Section titled “Common pitfalls”
  1. Wiring both Dependabot and Renovate. They overlap. You get two PRs for every bump and one of them probably never closes cleanly.
  2. Setting open-pull-requests-limit: 1 to “minimize noise.” It throttles security updates too. Use 5 for routine plus dependency-type: security separately.
  3. Grouping major and patch updates together. A grouped PR that includes a major bump is impossible to merge cleanly without rolling the major back. Keep majors as their own PR by default.
  4. Auto-merging without Tier 1 + 2 + 3 enforcement. Auto-merge presupposes that CI catches a hostile bump. If your CI doesn’t run deterministic-deps, dependency-review, AND CodeQL on every PR, you’re trusting Dependabot/Renovate to vet things they don’t vet.
  5. Forgetting pinDigests: true in Renovate.

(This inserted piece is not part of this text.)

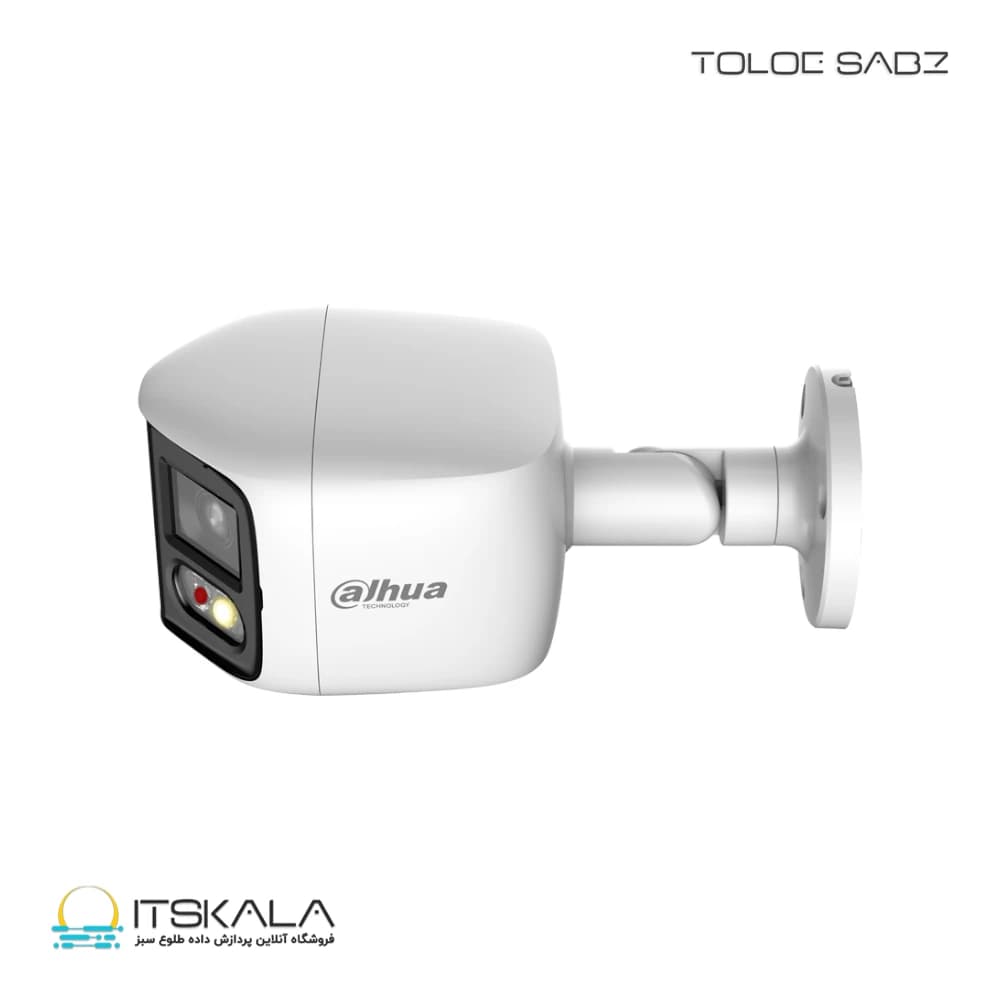 دوربین مدار بسته داهوا مدل DH-IPC-PFW3849SP-A180-E2-AS-PV-0280B — تصویر ۳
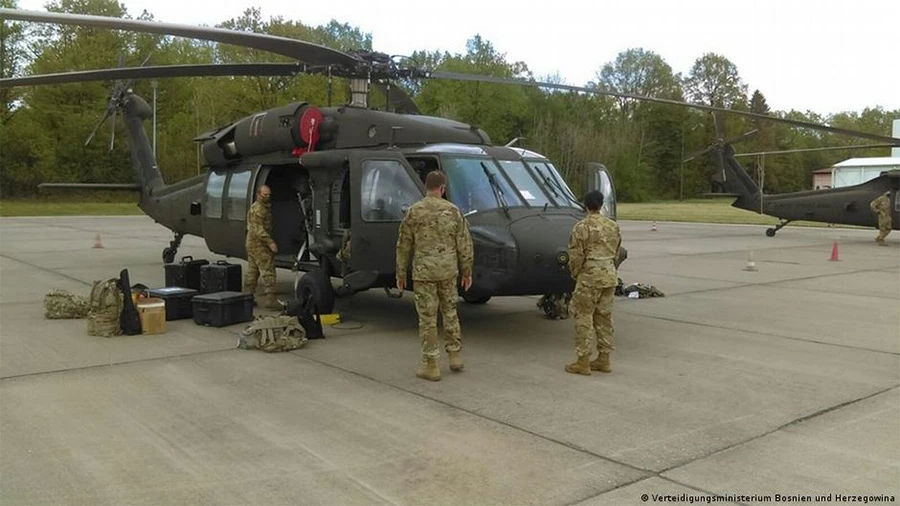 Vojnim vježbama Amerika šalje poruku Rusiji: „Mi smo ovdje, ne vi“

Renovate happily bumps tag-referenced actions to a new tag — not a SHA. Without pinDigests: true, you undo Rule 1.2 every week.

Real example

Section titled “Real example”

Ozark-Security-Labs/forkguard/.github/dependabot.yml wires Dependabot for both github-actions and gomod ecosystems with weekly Monday-morning Central-time PRs. Honest gap: the forkguard config does not yet use groups: — it emits one PR per bump — so Tier 2’s grouped pattern is illustrated by the inline snippet above rather than by the linked example. Adding groups: to the OSL repos is a follow-up.